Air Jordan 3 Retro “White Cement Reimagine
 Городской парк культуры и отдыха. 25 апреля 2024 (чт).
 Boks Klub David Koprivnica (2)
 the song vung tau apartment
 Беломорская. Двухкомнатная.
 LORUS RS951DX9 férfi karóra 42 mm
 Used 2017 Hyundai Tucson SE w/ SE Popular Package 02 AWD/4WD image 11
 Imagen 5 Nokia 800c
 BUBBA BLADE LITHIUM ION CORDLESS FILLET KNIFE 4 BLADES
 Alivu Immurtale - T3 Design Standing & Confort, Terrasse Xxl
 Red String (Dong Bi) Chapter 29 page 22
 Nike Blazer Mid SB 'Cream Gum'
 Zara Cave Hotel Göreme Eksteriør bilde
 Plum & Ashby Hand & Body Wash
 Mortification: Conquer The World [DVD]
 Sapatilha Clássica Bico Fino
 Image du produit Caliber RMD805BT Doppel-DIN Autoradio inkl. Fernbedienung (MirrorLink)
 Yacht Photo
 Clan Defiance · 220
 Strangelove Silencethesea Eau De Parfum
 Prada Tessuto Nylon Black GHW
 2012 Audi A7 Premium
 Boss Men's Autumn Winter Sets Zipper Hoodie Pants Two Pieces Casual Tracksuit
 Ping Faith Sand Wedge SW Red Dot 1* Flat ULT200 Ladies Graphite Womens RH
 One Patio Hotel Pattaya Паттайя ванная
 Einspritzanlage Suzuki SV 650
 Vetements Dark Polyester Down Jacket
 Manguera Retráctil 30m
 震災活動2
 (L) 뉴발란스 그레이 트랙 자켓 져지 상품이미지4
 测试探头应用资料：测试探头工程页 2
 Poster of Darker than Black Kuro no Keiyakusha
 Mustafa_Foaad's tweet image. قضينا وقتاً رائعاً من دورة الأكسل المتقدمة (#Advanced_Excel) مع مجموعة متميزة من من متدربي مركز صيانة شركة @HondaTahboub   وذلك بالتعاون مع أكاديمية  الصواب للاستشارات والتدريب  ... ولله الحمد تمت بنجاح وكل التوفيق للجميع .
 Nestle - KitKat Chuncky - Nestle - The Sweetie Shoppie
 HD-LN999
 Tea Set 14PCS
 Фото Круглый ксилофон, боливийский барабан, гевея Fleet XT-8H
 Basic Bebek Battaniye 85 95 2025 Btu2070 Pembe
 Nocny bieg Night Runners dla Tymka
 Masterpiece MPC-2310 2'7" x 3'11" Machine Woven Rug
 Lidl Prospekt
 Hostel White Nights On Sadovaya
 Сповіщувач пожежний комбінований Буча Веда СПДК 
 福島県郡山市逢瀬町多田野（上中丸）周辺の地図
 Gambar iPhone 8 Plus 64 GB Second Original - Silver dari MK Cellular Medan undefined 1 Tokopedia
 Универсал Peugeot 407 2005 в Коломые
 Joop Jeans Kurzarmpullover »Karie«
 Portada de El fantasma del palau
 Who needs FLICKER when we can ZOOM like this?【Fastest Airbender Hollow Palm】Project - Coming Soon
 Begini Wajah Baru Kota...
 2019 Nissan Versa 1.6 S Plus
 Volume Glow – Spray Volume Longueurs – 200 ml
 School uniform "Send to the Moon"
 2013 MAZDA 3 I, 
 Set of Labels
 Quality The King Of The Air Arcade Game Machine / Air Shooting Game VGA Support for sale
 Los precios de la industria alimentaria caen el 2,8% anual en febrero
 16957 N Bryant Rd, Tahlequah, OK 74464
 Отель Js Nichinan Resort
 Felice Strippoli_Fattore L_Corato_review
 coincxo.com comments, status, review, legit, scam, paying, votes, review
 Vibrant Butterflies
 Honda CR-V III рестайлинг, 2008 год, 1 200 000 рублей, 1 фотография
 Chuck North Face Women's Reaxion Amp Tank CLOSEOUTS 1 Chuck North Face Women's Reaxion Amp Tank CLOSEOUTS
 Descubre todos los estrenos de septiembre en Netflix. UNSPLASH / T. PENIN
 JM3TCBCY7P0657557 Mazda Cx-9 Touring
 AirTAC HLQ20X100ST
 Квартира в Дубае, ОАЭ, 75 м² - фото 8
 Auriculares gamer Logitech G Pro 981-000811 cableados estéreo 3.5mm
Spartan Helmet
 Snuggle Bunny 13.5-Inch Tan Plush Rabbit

====

* [BRIEF]:
Among the entries, find each line that includes the string "Black" and copy it.

* [SOLUTION TO THIS EXERCISE]:
 Prada Tessuto Nylon Black GHW
 Poster of Darker than Black Kuro no Keiyakusha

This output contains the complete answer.